Raw data:
- Opening Delimiter -

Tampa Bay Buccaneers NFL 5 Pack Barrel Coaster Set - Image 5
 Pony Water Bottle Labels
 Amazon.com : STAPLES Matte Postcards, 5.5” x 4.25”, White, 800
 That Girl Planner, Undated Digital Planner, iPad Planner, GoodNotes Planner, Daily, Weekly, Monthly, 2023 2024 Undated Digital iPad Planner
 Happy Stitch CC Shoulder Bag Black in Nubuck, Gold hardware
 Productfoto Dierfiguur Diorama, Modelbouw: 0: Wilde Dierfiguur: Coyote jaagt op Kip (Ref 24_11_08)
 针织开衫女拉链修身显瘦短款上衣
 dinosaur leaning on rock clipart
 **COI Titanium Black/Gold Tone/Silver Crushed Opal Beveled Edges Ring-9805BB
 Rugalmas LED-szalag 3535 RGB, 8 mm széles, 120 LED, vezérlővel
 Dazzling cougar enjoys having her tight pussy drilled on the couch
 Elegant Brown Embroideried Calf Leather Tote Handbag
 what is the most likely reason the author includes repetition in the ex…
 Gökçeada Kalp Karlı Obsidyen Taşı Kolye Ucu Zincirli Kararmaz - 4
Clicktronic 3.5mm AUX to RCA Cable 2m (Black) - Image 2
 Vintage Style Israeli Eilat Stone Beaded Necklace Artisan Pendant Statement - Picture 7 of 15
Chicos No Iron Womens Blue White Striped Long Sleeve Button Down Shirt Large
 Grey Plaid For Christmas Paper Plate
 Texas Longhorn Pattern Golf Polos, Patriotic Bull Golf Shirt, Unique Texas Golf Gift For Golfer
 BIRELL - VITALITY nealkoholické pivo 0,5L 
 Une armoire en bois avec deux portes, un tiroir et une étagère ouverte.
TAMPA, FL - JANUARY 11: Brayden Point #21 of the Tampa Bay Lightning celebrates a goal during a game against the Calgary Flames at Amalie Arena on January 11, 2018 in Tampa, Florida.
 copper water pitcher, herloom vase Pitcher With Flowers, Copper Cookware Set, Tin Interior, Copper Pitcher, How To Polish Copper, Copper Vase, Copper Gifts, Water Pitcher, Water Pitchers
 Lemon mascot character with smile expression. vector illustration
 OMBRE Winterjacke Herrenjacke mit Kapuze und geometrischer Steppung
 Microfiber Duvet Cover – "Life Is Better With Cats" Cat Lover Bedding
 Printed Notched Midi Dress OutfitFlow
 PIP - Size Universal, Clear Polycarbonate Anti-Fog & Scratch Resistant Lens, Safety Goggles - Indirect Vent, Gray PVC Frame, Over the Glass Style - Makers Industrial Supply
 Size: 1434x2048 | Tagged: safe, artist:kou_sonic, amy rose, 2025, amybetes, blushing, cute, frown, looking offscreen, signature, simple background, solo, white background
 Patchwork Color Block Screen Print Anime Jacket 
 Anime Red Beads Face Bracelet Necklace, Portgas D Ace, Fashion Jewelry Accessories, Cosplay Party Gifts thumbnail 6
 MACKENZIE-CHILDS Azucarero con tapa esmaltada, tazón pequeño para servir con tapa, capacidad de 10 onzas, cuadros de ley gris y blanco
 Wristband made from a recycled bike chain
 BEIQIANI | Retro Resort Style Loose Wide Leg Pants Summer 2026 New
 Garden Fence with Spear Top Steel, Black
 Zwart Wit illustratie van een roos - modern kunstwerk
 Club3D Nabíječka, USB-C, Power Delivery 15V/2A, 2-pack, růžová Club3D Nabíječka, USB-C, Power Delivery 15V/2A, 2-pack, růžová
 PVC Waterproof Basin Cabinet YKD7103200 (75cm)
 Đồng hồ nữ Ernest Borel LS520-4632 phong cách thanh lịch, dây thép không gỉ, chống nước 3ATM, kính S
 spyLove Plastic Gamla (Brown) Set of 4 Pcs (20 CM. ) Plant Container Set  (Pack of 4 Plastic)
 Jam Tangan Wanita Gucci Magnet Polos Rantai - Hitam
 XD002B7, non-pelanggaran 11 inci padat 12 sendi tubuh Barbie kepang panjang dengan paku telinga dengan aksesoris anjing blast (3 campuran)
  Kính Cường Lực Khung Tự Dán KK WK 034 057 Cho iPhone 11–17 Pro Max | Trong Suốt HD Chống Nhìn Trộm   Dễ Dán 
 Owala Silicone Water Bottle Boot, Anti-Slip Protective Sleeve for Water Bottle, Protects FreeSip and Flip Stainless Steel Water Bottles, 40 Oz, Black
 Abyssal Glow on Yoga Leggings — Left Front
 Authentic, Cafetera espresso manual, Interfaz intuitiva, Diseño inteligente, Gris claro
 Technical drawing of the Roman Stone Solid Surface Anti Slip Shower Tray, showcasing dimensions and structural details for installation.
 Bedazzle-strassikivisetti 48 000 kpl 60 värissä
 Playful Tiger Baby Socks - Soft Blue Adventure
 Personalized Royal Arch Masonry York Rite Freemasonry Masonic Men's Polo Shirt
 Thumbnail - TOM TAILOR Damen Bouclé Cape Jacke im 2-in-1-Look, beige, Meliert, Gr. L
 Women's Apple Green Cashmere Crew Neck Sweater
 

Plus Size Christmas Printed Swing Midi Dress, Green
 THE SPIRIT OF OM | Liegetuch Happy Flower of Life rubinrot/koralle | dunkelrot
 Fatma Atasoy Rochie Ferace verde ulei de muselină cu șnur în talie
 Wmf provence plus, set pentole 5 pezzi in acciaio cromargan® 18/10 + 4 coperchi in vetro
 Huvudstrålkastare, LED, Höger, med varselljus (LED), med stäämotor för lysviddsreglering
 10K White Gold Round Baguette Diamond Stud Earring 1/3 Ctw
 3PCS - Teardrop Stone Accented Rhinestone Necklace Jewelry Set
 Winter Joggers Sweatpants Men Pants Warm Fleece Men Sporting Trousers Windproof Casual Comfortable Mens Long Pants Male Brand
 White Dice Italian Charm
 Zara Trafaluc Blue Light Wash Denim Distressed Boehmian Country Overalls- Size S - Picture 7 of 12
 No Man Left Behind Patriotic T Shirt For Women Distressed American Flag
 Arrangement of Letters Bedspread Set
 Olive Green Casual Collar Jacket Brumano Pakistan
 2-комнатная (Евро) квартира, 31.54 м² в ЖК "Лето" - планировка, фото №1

- Closing Delimiter -

Exercise brief: Only the lines from the one with "Huvudstrålkastare, LED, Höger, med" through the final line above should be repeated, each exactly as written.

Result:
 Huvudstrålkastare, LED, Höger, med varselljus (LED), med stäämotor för lysviddsreglering
 10K White Gold Round Baguette Diamond Stud Earring 1/3 Ctw
 3PCS - Teardrop Stone Accented Rhinestone Necklace Jewelry Set
 Winter Joggers Sweatpants Men Pants Warm Fleece Men Sporting Trousers Windproof Casual Comfortable Mens Long Pants Male Brand
 White Dice Italian Charm
 Zara Trafaluc Blue Light Wash Denim Distressed Boehmian Country Overalls- Size S - Picture 7 of 12
 No Man Left Behind Patriotic T Shirt For Women Distressed American Flag
 Arrangement of Letters Bedspread Set
 Olive Green Casual Collar Jacket Brumano Pakistan
 2-комнатная (Евро) квартира, 31.54 м² в ЖК "Лето" - планировка, фото №1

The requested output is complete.